Depuis 1661, Louis XIV règne seul sur la France. Ses ambitions démesurées, ses guerres, son goût du luxe coûtent très cher. Douze nouvelles taxes sont créées par son ministre des finances Colbert, entre 1664 et 1675 qui a décidé de passer outre les prérogatives des Etats de Bretagne qui refusent ces nouvelles taxes (Anne de Bretagne, par le traité de 1532 en acceptant d’être reine de France gardait ses privilèges au duché de Bretagne.

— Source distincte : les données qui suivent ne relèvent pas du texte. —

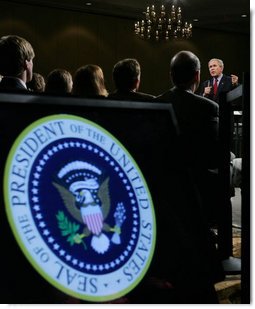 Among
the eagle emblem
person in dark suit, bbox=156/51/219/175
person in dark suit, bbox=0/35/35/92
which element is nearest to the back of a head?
person in dark suit, bbox=0/35/35/92

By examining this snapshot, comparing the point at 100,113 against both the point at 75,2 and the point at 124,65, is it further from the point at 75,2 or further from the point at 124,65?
the point at 75,2

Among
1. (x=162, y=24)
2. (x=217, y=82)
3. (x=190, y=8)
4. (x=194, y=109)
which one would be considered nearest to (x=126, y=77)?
(x=194, y=109)

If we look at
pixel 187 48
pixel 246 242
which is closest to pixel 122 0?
pixel 187 48

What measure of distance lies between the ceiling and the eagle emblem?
799 centimetres

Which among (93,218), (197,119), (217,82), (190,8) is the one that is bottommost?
(93,218)

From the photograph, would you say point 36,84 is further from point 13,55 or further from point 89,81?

L’édit royal  de l’union (non l’intégration)  de la Bretagne spécifiait  « Aucun impôt ne pourra être levé que par le Parlement et les Etats de Bretagne [i]»). Néanmoins, en 1673, un papier timbré est exigé pour tout acte notarié. En 1674, c’est la vente du tabac et une taxe sur la vaisselle d’étain qui tombe sous le contrôle royal…  Le Duc de Chaulnes, gouverneur de Bretagne, représentant du roi, explique à Colbert que les paysans s’émouvaient de la rumeur d’une nouvelle imposition sur le blé et sur le sel (gabelle)… Ecrasés par les impôts féodaux, la révolte gronde dans les villes et dans les campagnes. 
Le 2 juillet 1675, les révoltés rédigent le plus abouti des codes paysans  peut-être dans la chapelle Notre-Dame de Tréminou en Plomeur : Le Code paysan des quatorze paroisses : abolition du champart, des corvées, de la dîme ou du papier timbré, remise en cause des privilèges seigneuriaux, volonté de concorde entre paysans et gentilshommes et une justice équitable….
Dans une lettre du 5 juillet 1675 le duc de Chaulnes en informe Colbert. Le code paysan étonne l'Europe, l'ambassadeur de Venise en France en fait mention, comme certaines gazettes hollandaises et anglaises. C'est un texte bien construit, écrit sans doute par un ou plusieurs juristes. Or, le meneur le plus célèbre des Bonnets rouges, Sébastien Le Balp, a eu une formation de juriste à Nantes. Un siècle avant la révolution française, ces codes paysans sont des textes précurseurs des événements à venir et ressemblent par nombreux aspects aux cahiers de doléances de 1789.… Selon L’historien Boris Porchnev la révolte de 1675 annonce 1789… Pour le Professeur émérite d’histoire moderne Alain Croix, la révolte est un affrontement entre la bourgeoisie et ses alliés d'une part, l'Ancien Régime d'autre part, comme lors de la Révolution française, « à une échelle différente.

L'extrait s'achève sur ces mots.